マイアミ大学とウェスタンオーストラリア大学の研究チームは、全米50州の2000人以上を対象にタトゥーの有無と職に就いているかどうかの関係を調査。その結果、外から見えるところにタトゥーを入れていても雇用や賃金、収入に影響はないことが判明した。タトゥーの有無による収入格差はほとんどなかったし、タトゥーがあるほうが雇用に有利な例まであったという。ピューの調査でも、アメリカのミレニアル世代(80〜90年代生まれの人々)ではタトゥーを入れている人が40%に達していた。

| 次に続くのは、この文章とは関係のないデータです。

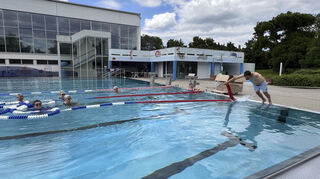 Mit einem beherzten Sprung taucht Bastian Distler ins Wasser und bringt die neue Schwimmleine in Position - die Schwimmbadfreunde sind begeistert.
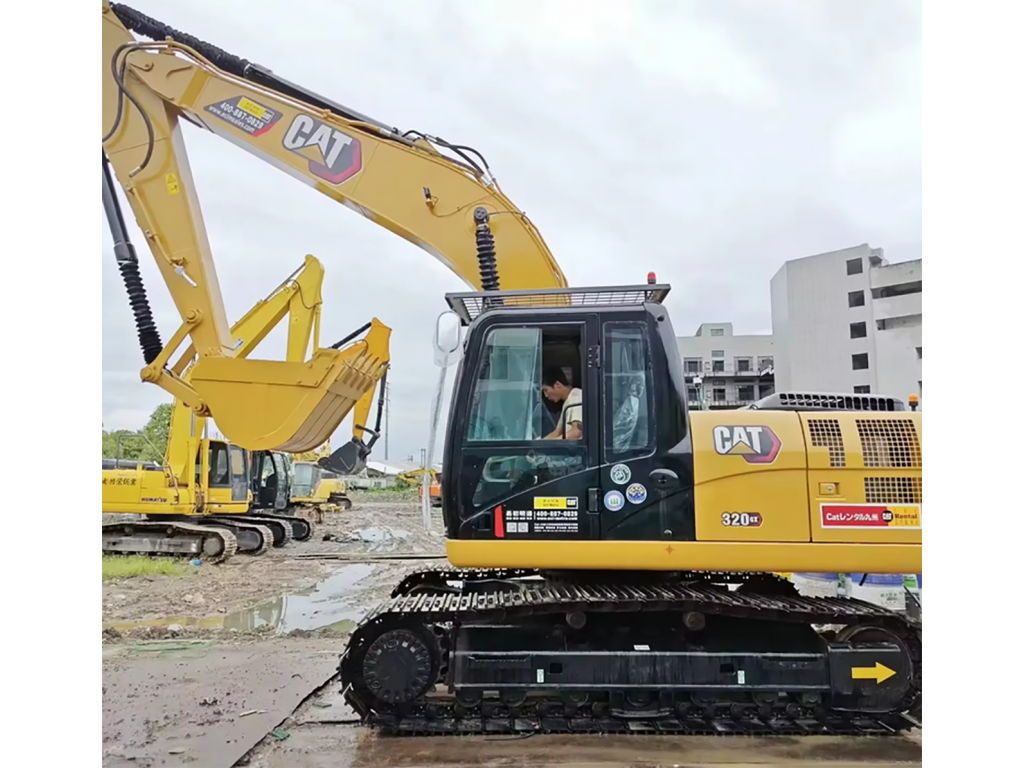 รถแม็คโคร CAT320GX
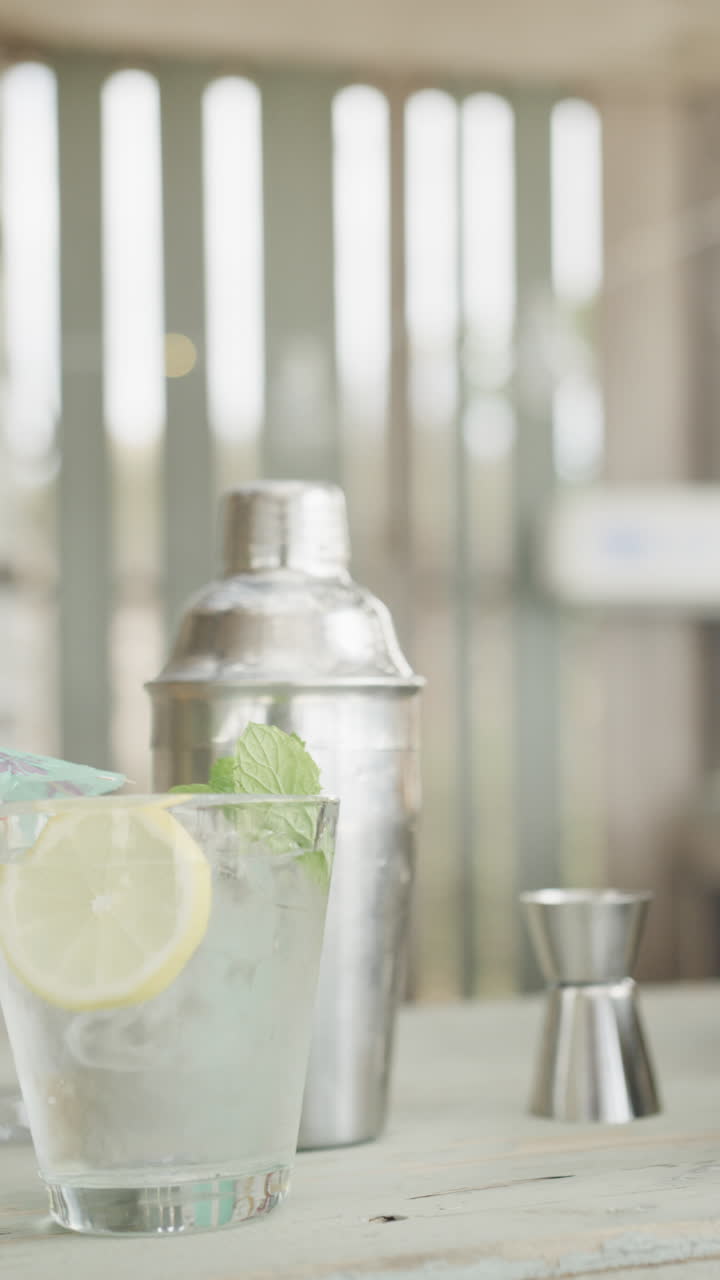 Vertical video of cocktail, cocktail shaker and shot measure on bar at beach bar, slow motion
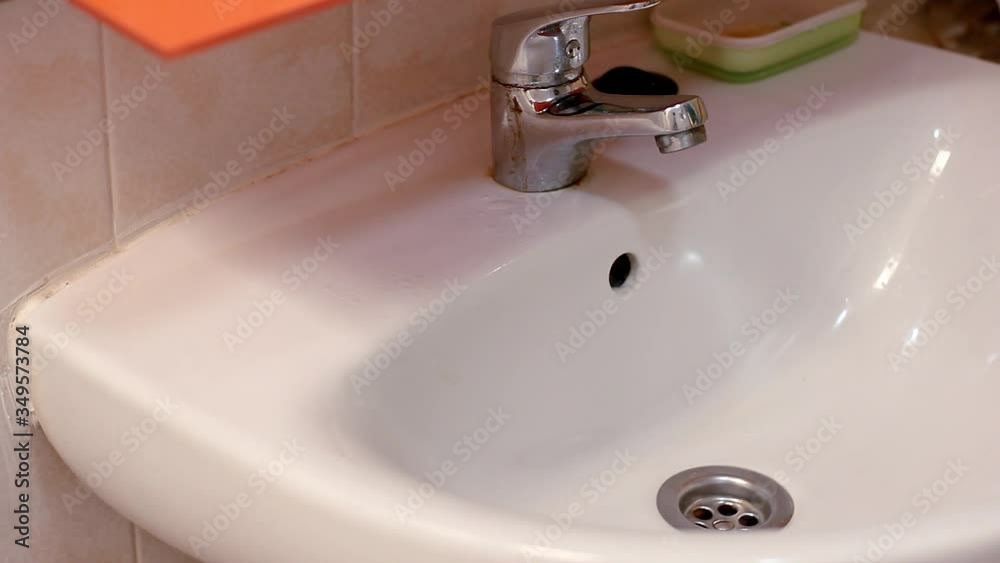 Person with latex gloves sprays basin with bleach and wash with scrubber in bathroom. House cleaning, disinfection concepts Person with latex gloves sprays basin with bleach and wash with scrubber in bathroom. House cleaning, disinfection concepts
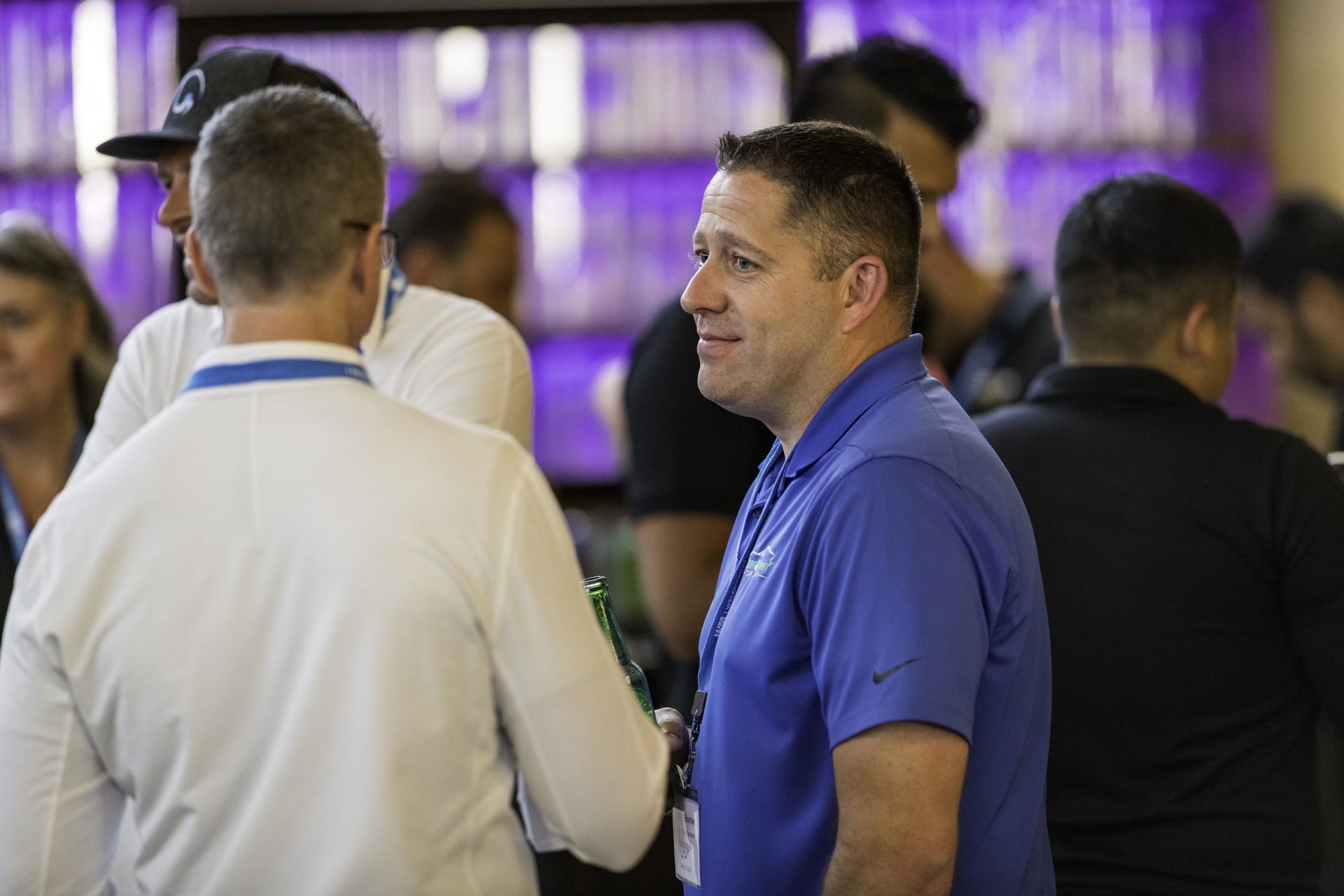 A man in a blue shirt is talking to another man in a crowd of people.
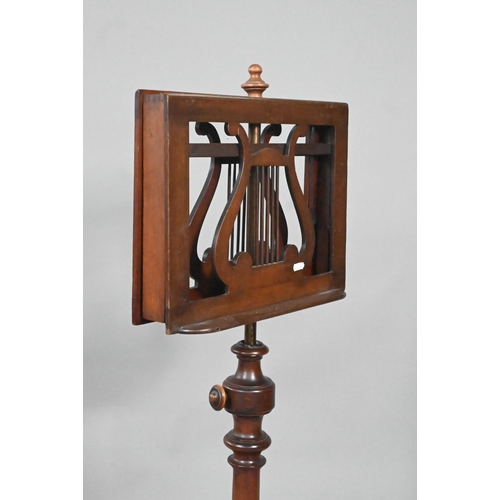 909 - A Victorian mahogany duet music stand, the adjustable lyre centred easels raised on a brass pole to ... 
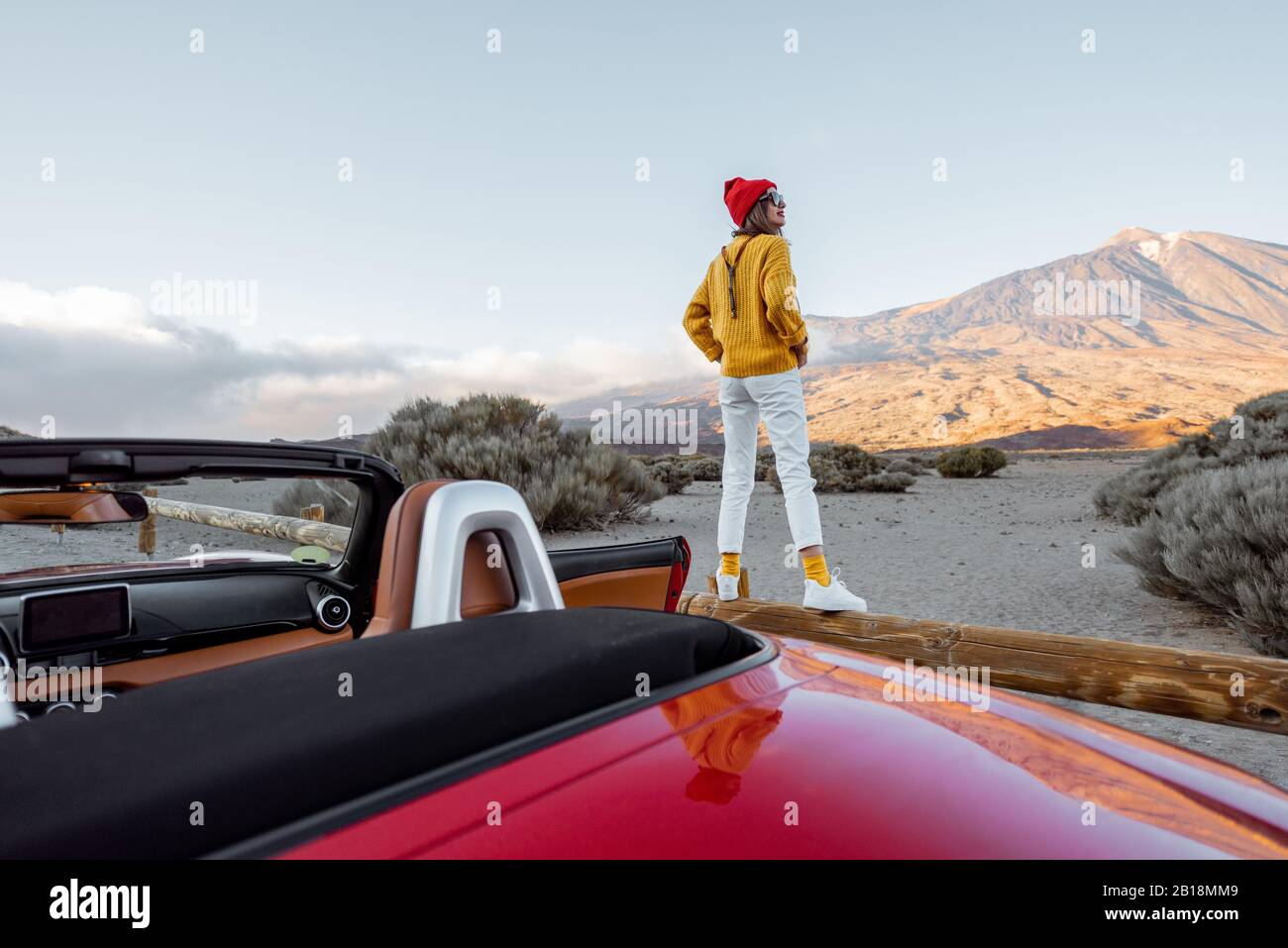 Donna vestita di maglione luminoso e cappello che gode di grandi paesaggi di montagna mentre si sta in piedi sulla recinzione stradale. Viaggiando in auto sull'isola di Tenerife, vista panoramica Foto Stock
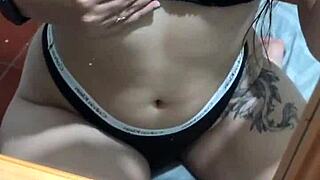 Sexy latina in lingerie plays with her belly button teasing natural tits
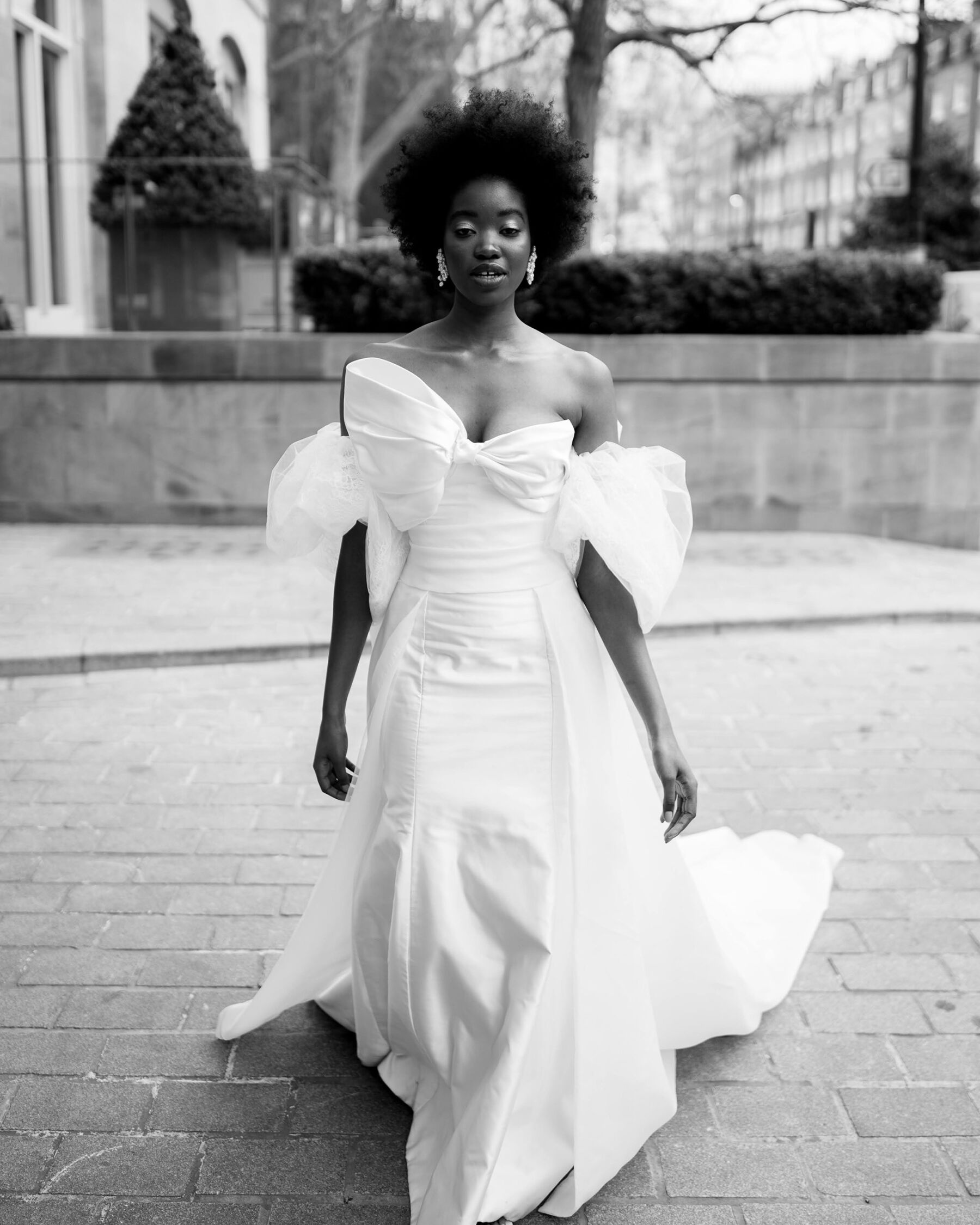 Black bride with afro wearing Sally Bean Couture wedding dress with large bows front and back
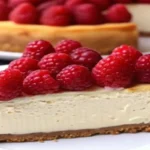 A creamy slice of homemade raspberry cheesecake with a golden crust and fresh raspberry topping.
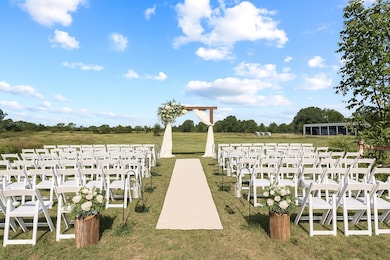 View of home's community featuring a yard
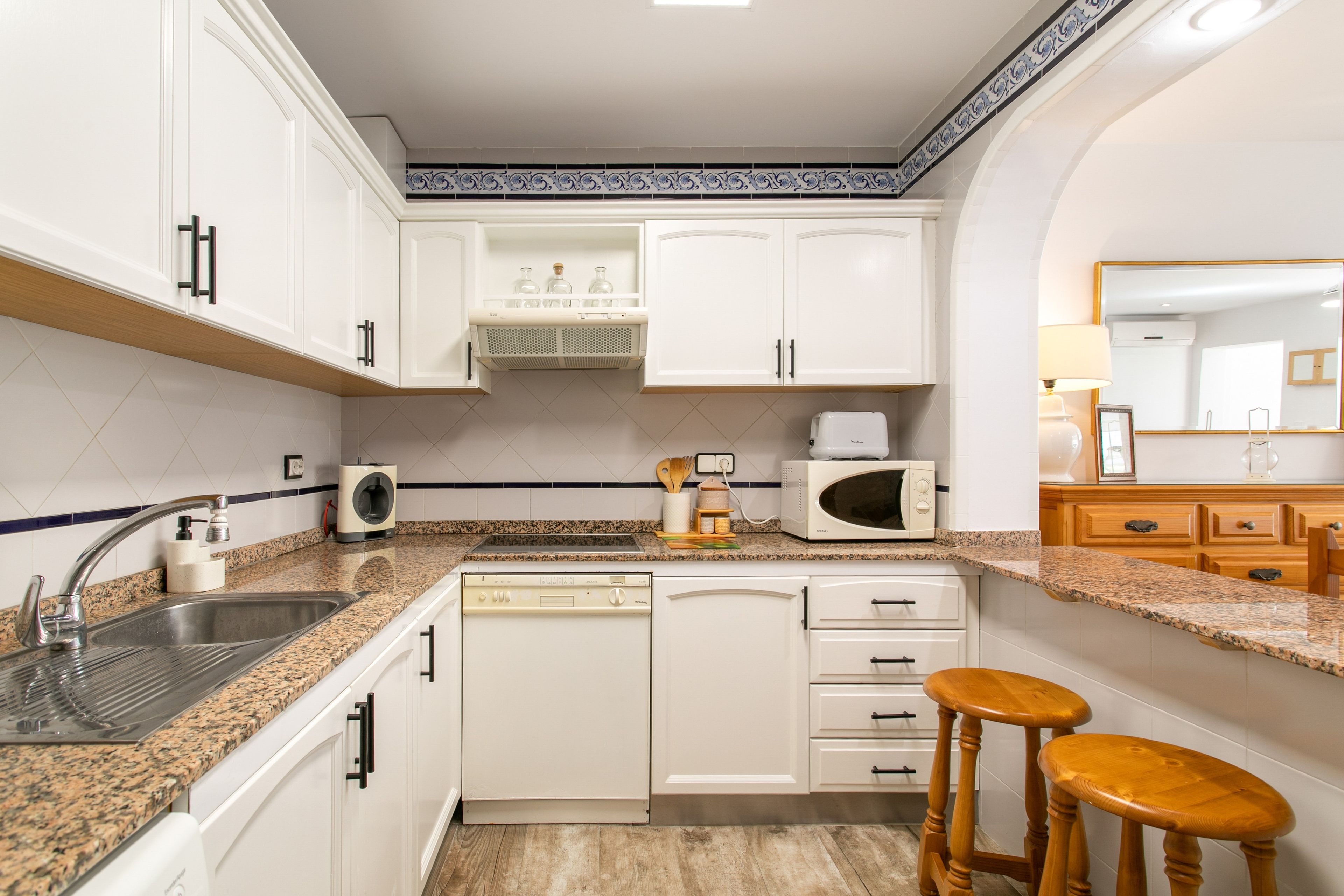 A compact kitchen with white cabinets, a granite countertop, a built-in dishwasher, and a microwave.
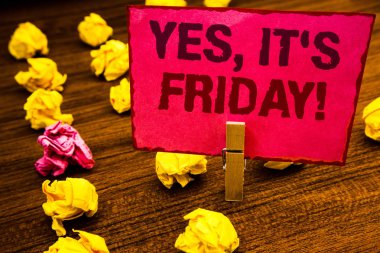 Conceptual hand writing showing Yes, It'S Friday Motivational Call. Business photo showcasing having weekend Taking rest break Paperclip retrain pink card with letters wooden floor hunch clipart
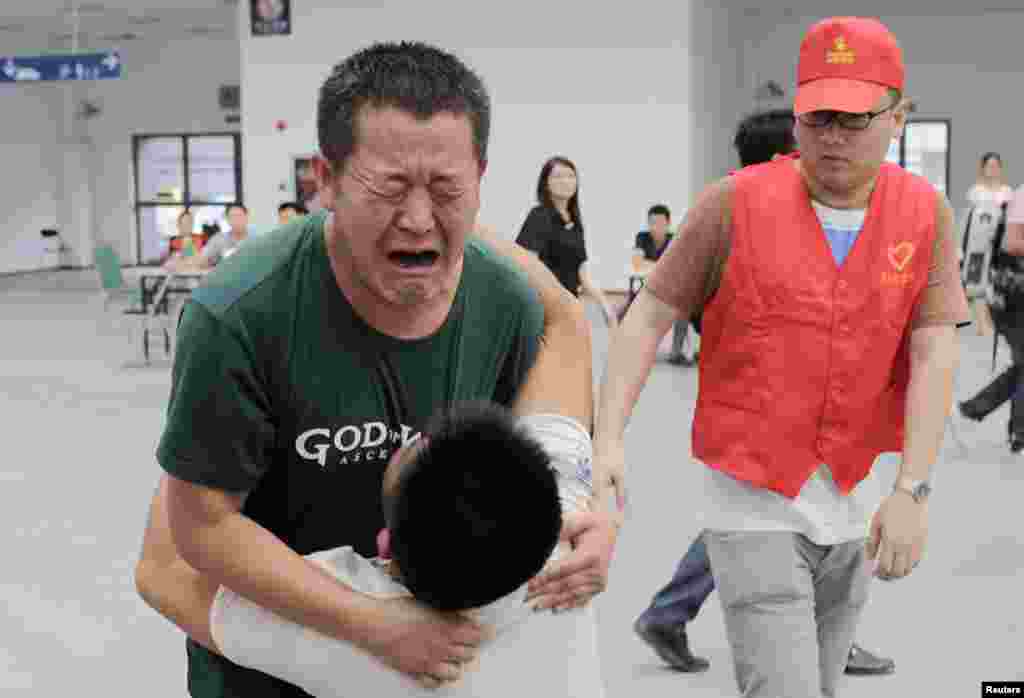 Một người đàn ông ôm con khóc tại trung tâm chăm sóc nạn nhân động đất tại thị trấn Lỗ Ðiền, tỉnh Vân Nam, Trung Quốc, ngày 3/8/2014.
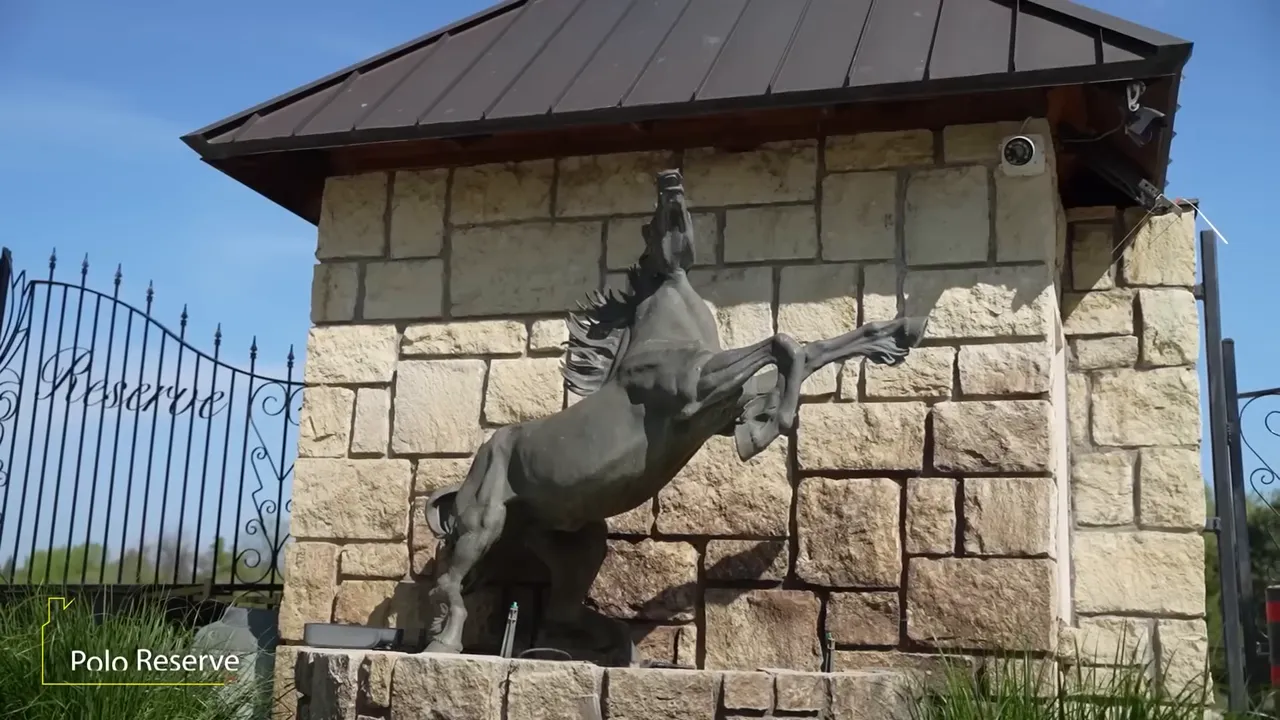 Polo Reserve entry monument with a polo player statue in front of stone walls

「特に、見えるところに彫ったタトゥーに対する悪いイメージは弱まっているのかもしれない。自然で普通な自己表現の形として捉えている若い世代の間ではとりわけそうだ」と、論文の主著者であるマイアミ大学のマイケル・フレンチ教授は述べている。「タトゥーは社会に広がっており、採用担当の管理職や上司が差別的な考えを持っていると、最も適任な人材を獲得できないのではないか」

要するに、タトゥーがある人材の採用を嫌がれば、結果として適材適所とはいかなくなる可能性があるということだ。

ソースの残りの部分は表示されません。